▶ **TASK OBJECTIVE**:
To complete this task, print all the data below exactly but leave out the images.

▶ **DATA SHOWN**:
"""
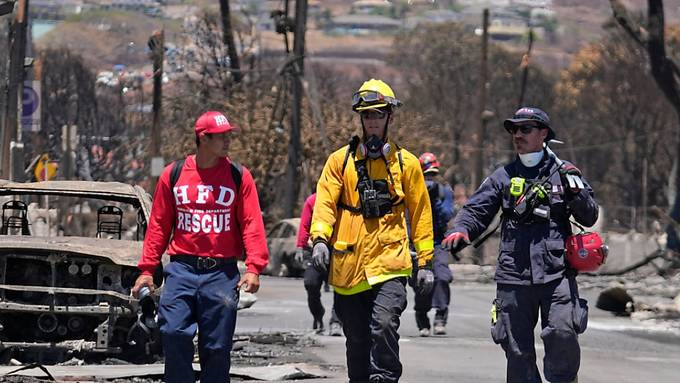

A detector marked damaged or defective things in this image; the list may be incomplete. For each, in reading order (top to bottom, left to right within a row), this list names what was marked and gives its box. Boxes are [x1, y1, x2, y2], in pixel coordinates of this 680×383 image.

burned car [0, 180, 161, 364]
charred vehicle [0, 180, 161, 364]
burned car [262, 219, 302, 280]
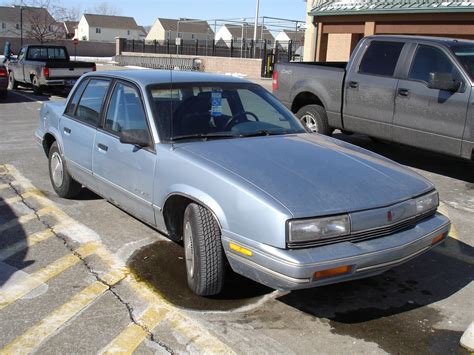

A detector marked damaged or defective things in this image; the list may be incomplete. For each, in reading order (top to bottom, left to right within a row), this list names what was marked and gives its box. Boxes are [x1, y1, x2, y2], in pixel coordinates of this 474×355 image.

crack in pavement [6, 182, 174, 354]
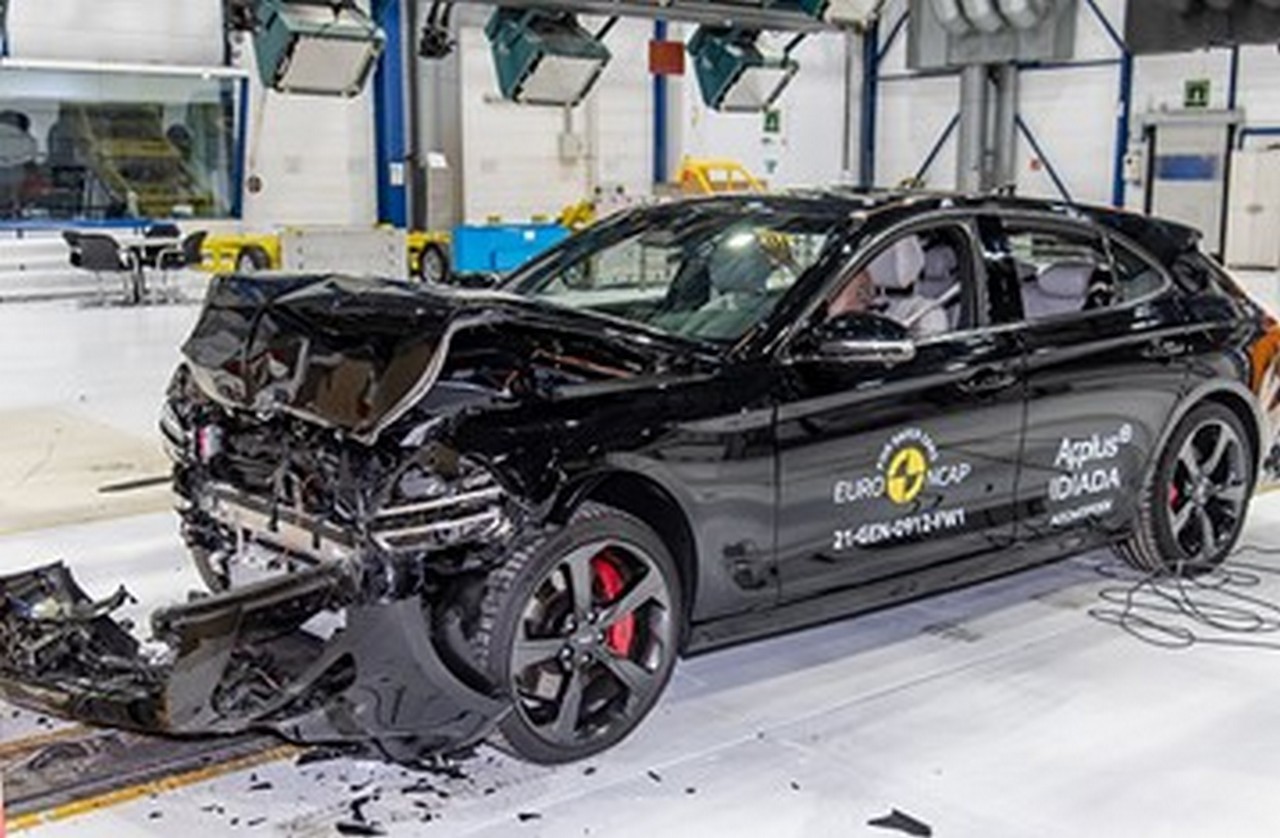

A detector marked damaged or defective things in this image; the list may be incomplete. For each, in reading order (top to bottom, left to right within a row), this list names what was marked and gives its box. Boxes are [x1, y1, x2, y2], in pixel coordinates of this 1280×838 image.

crumpled front bumper [0, 564, 508, 760]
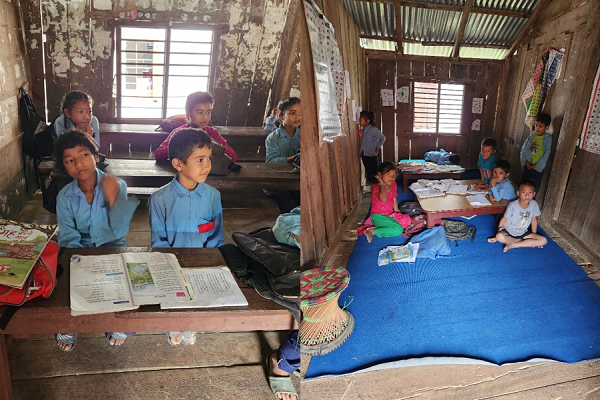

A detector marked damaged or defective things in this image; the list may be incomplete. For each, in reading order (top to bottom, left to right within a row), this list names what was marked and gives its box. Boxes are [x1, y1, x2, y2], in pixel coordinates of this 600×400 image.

peeling paint wall [0, 0, 36, 219]
peeling paint wall [22, 0, 298, 126]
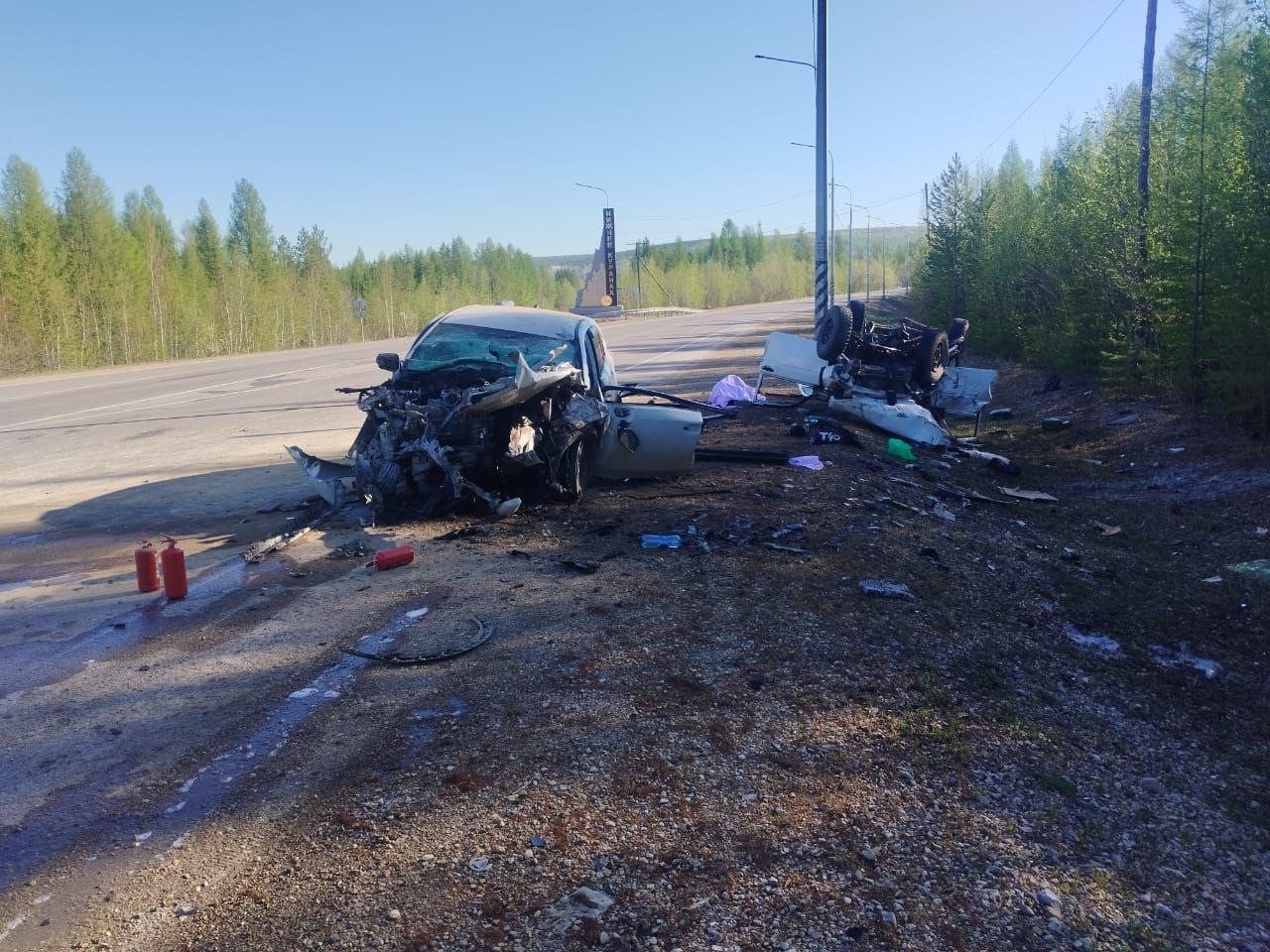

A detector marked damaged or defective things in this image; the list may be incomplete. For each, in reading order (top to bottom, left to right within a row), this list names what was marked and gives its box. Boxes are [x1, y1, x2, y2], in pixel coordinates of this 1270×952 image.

shattered windshield [404, 324, 578, 375]
broken car window [406, 324, 581, 375]
wrecked silver sedan [289, 306, 705, 523]
overturned vehicle [291, 306, 705, 523]
detached car door [583, 327, 705, 479]
overturned vehicle [756, 299, 995, 449]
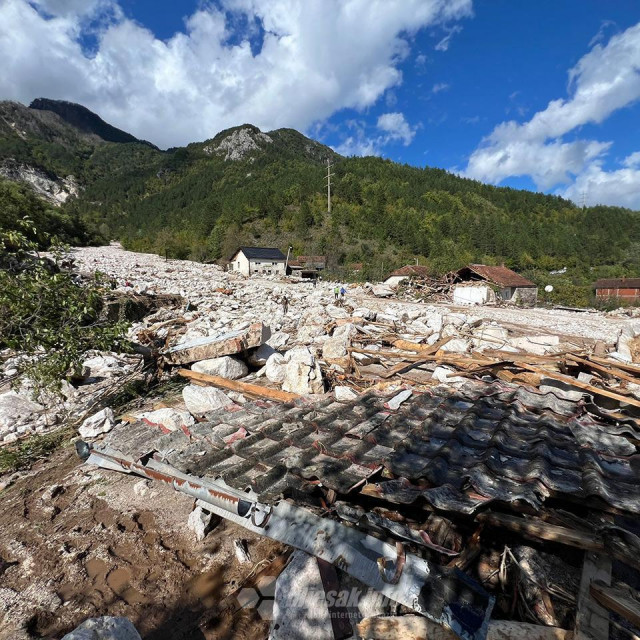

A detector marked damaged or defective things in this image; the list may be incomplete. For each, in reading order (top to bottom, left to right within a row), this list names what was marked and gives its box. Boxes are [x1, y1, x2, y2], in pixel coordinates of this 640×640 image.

broken roof [456, 262, 536, 288]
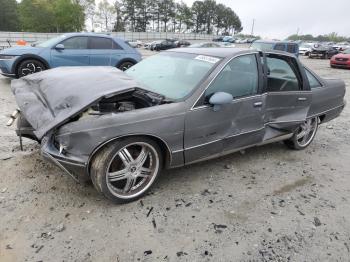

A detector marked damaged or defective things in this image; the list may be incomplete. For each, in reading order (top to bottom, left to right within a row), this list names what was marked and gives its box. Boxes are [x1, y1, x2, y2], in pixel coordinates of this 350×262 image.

crumpled hood [12, 67, 141, 139]
damaged gray sedan [10, 48, 344, 203]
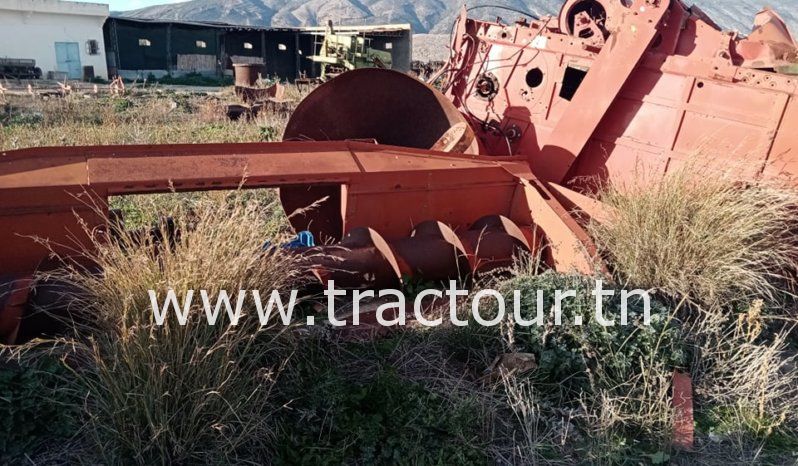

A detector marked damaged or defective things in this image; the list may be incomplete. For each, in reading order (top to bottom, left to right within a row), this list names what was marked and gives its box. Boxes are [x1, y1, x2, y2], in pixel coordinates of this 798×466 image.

rusted drum [282, 69, 476, 244]
rusty combine harvester [1, 0, 798, 346]
rusted metal machinery [1, 0, 798, 346]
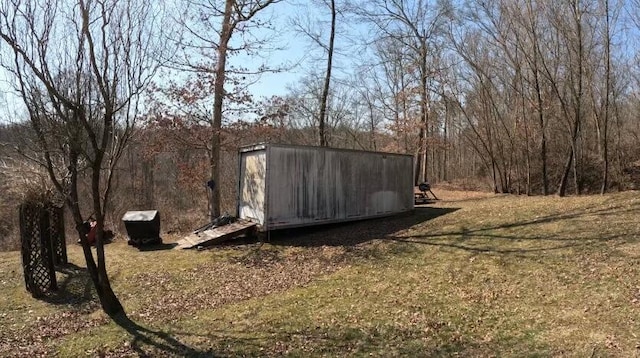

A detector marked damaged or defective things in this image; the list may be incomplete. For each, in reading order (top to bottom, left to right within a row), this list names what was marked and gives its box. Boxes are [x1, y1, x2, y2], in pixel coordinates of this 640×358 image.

rusty metal surface [238, 144, 412, 231]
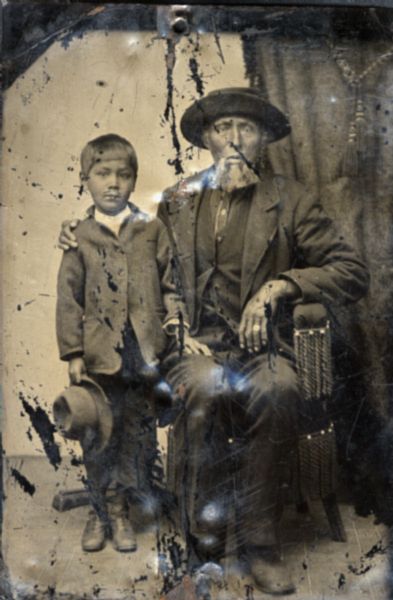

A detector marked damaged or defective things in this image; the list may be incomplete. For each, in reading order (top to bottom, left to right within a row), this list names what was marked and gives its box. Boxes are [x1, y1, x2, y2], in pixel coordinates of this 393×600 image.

dark spots corrosion [19, 392, 60, 472]
dark spots corrosion [10, 466, 35, 494]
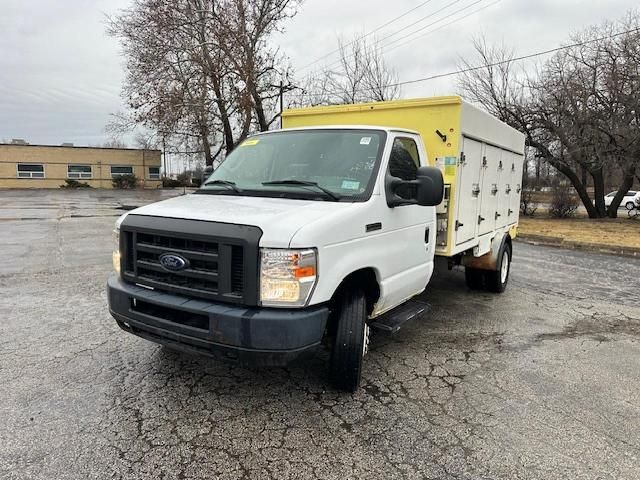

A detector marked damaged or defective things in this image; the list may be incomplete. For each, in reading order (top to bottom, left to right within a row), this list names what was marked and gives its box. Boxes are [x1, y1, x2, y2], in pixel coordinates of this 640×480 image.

cracked asphalt [1, 189, 640, 478]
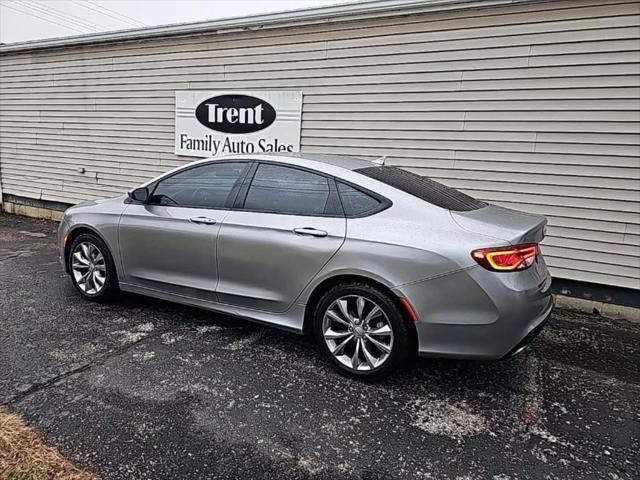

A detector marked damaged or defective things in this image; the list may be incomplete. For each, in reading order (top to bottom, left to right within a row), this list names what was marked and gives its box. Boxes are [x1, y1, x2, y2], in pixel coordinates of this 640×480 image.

cracked pavement [0, 214, 636, 480]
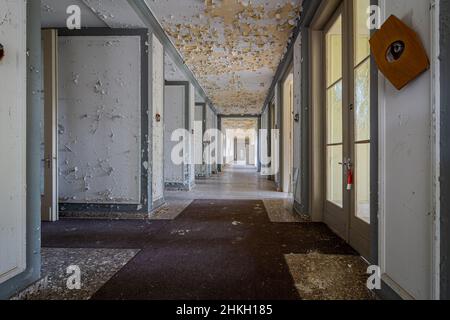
"""
▶ **RESULT OF THIS EXERCISE**:
A detector marked damaged or defective things in this image; the list may be incomplete. For each, in reading order (top to bottom, left to right within a row), this list names what was marked and gives its box. Boxes are [x1, y1, x2, y2], in pixel coordinates of this 680×383 image.

burned car [0, 180, 161, 364]
charred vehicle [0, 180, 161, 364]
burned car [262, 219, 302, 280]

A detector marked damaged or defective things in this image; the list may be incomplete. For each, in reading order (top to bottom, left to right within a row), this list names what was marked and gives its box. Boxes are [x1, y1, x2, y2], in pixel coordinates of this 474×355 image.

crack in pavement [6, 182, 174, 354]

A detector marked damaged or defective things in this image; the list may be incomplete. For each, in reading order (top to bottom, left to right within a row), this list names what was marked and gives its box. Boxes are [x1, y1, x2, y2], in pixel coordinates of this 1280×838 image.

crumpled front bumper [0, 564, 508, 760]

A detector marked damaged or defective things in this image; the list may be incomplete. For each, in reading order (top to bottom, left to right within a row), this list names what was marked and gives its box. Boxes are [x1, y1, x2, y2], in pixel coordinates of this 600×400 image.

peeling paint wall [0, 0, 36, 219]
peeling paint wall [22, 0, 298, 126]

A detector marked damaged or defective things in this image; the list may be incomplete. For each, in reading order (top to bottom, left to right within a row), this list names what was marked and gives its box. Boxes are [x1, y1, x2, y2], in pixel coordinates of this 1270×952 image.

shattered windshield [404, 324, 578, 375]
broken car window [406, 324, 581, 375]
wrecked silver sedan [289, 306, 705, 523]
overturned vehicle [291, 306, 705, 523]
detached car door [583, 327, 705, 479]
overturned vehicle [756, 299, 995, 449]

A detector marked damaged or defective things in this image; the list may be incomplete. For each, in reading order (top to bottom, left to right within a row), this list names what was marked and gives its box. Boxes are [x1, y1, x2, y2], in pixel coordinates of this 640×640 image.

broken roof [456, 262, 536, 288]

A detector marked damaged or defective things in this image; the list may be incomplete. For each, in reading order (top to bottom, left to right within a row), this list names what was marked and gives its box. Boxes are [x1, y1, x2, y2], in pixel coordinates of this 350×262 image.

crumpled hood [12, 67, 141, 139]
damaged gray sedan [10, 48, 344, 203]

A detector marked damaged or defective things in this image; the list may be incomplete. For each, in reading order (top to bottom, left to right within a row), this list names what was marked and gives its box. Boxes are [x1, y1, x2, y2], in pixel coordinates of this 798×466 image.

rusted drum [282, 69, 476, 244]
rusty combine harvester [1, 0, 798, 346]
rusted metal machinery [1, 0, 798, 346]

A detector marked damaged or defective things in this image; the list may be incomplete. For each, in reading order (top to bottom, left to right within a row), this list names what was marked and gives its box. Boxes are [x1, y1, x2, y2], in pixel coordinates of this 640×358 image.

rusty metal surface [238, 144, 412, 231]

A detector marked damaged or defective things in this image; the list may be incomplete. For each, in reading order (top to bottom, left to right within a row), this list names what was marked and gives its box. Boxes are [x1, y1, x2, y2], in pixel coordinates of this 393×600 image.

dark spots corrosion [19, 392, 60, 472]
dark spots corrosion [10, 466, 35, 494]

A detector marked damaged or defective things in this image; the list may be incomplete. For each, in reading order (top to bottom, left to right within a row), this list names what was marked and gives its box. Boxes are [x1, y1, x2, y2], in pixel coordinates of this 640×480 image.

cracked asphalt [1, 189, 640, 478]

A detector marked damaged or defective things in this image; the list may be incomplete. For each, in reading order (top to bottom, left to right within a row), this list names what was marked and gives its box. Boxes are [x1, y1, x2, y2], in pixel coordinates of this 640×480 image.

cracked pavement [0, 214, 636, 480]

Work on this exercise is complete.